What you will do |
Please transcribe the listing that follows exactly; images are to be excluded.

Dataset excerpt |
★ ★ ★ ★ ★

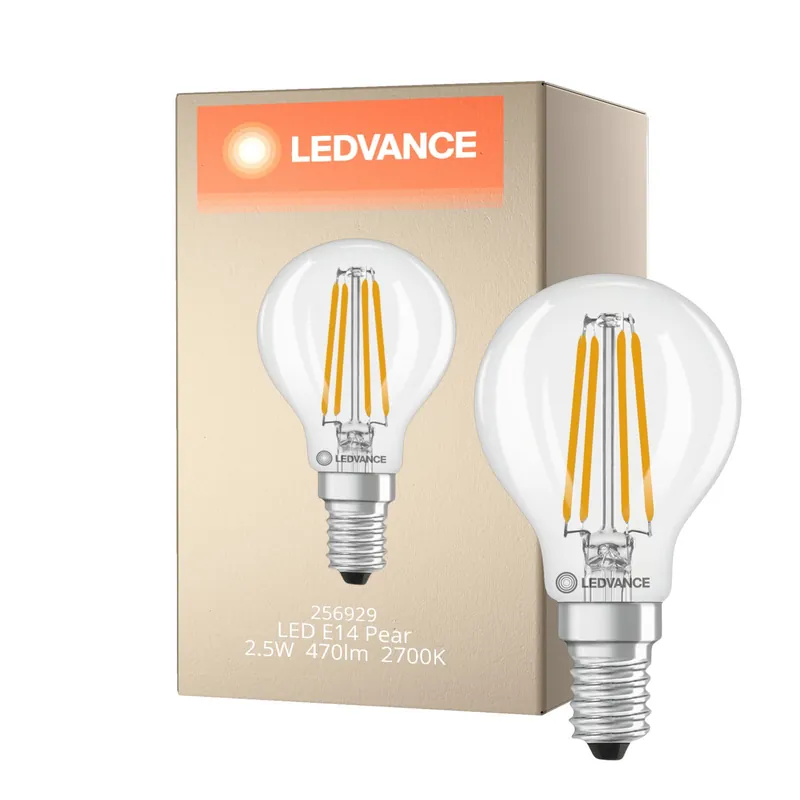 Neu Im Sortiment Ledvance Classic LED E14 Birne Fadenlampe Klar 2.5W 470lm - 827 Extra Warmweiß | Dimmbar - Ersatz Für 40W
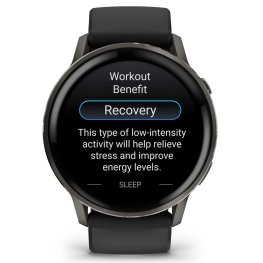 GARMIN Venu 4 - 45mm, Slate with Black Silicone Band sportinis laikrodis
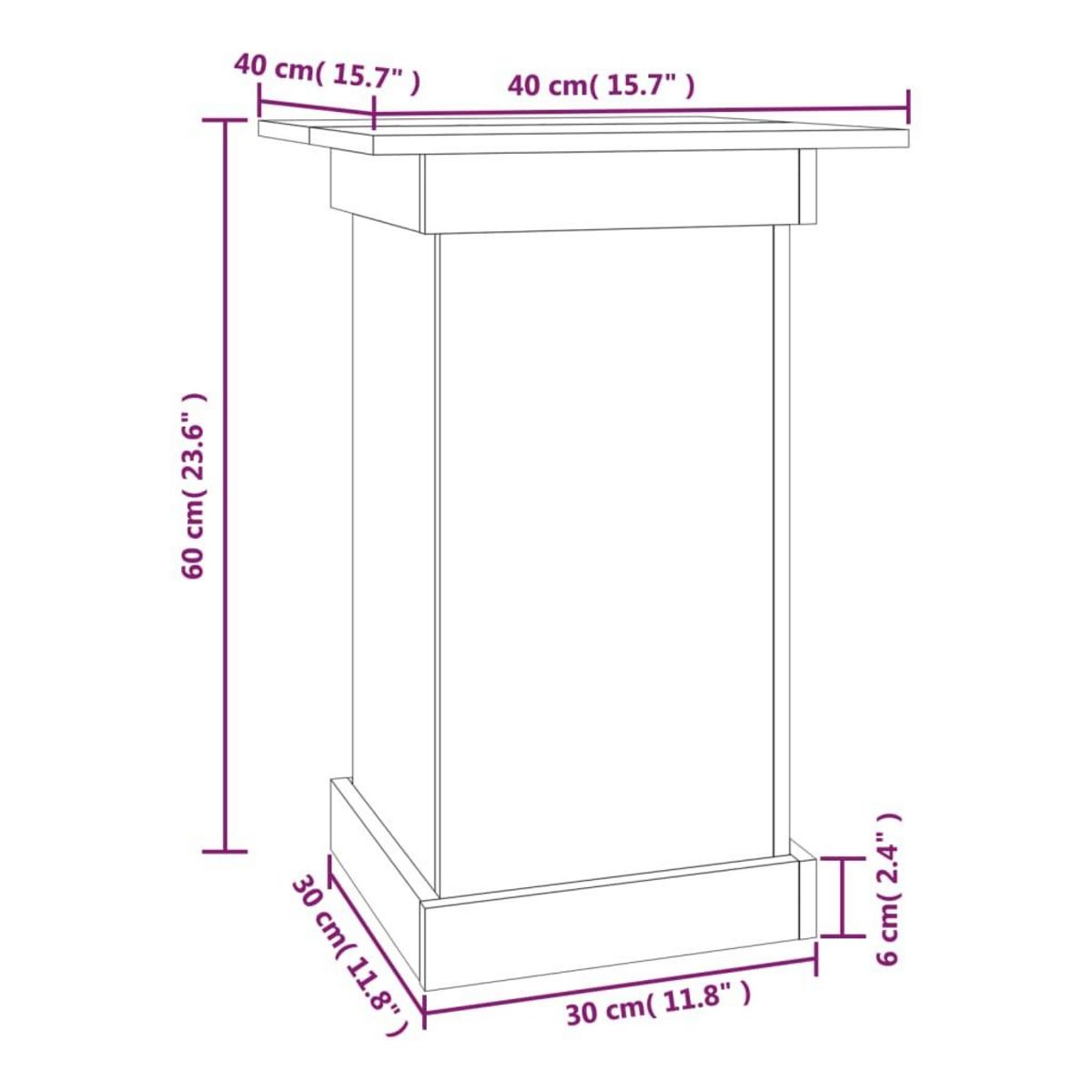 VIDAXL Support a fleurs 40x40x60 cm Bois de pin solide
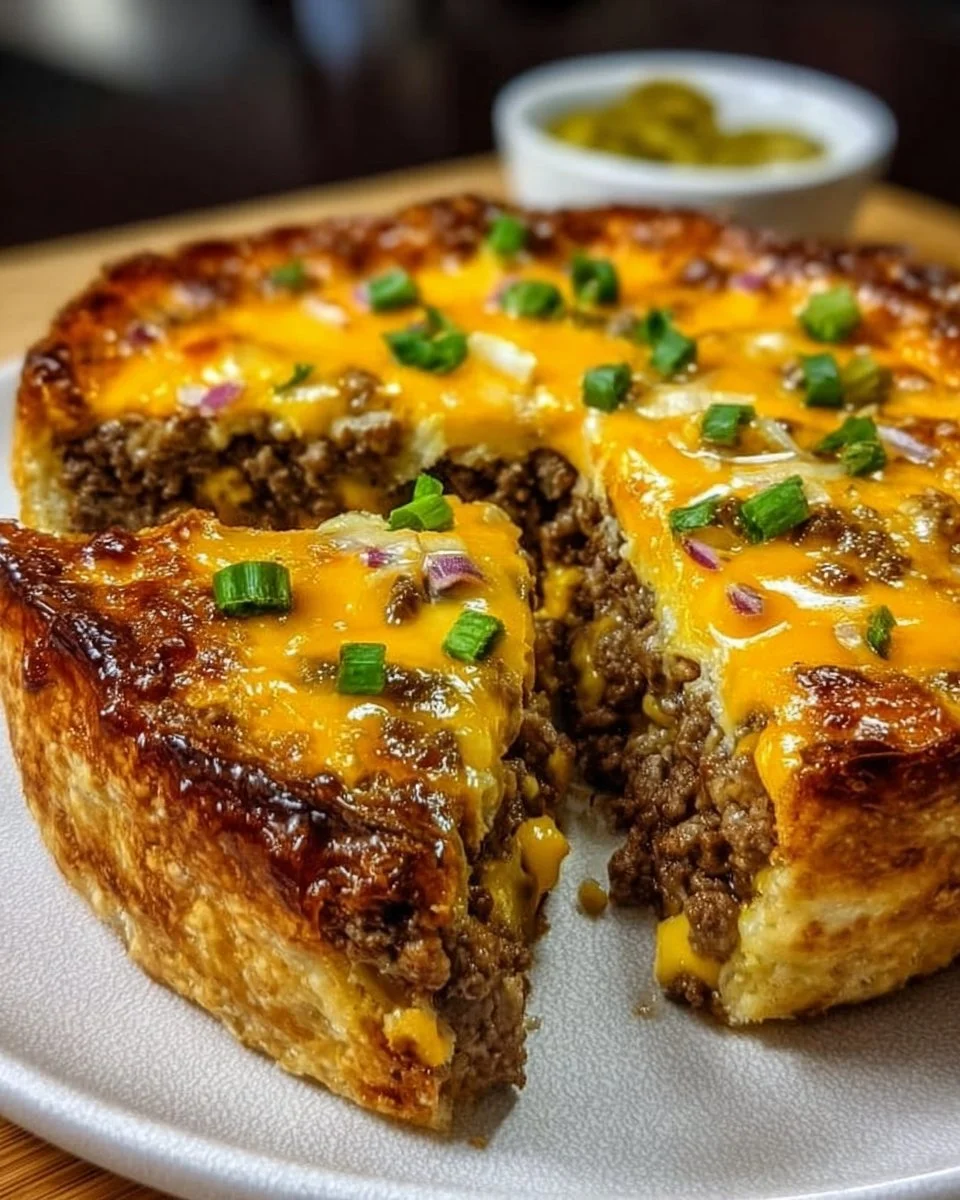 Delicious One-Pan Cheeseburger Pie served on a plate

★ ★ ★ ★ ★

Exercise solution |
 Neu Im Sortiment Ledvance Classic LED E14 Birne Fadenlampe Klar 2.5W 470lm - 827 Extra Warmweiß | Dimmbar - Ersatz Für 40W
 GARMIN Venu 4 - 45mm, Slate with Black Silicone Band sportinis laikrodis
 VIDAXL Support a fleurs 40x40x60 cm Bois de pin solide
 Delicious One-Pan Cheeseburger Pie served on a plate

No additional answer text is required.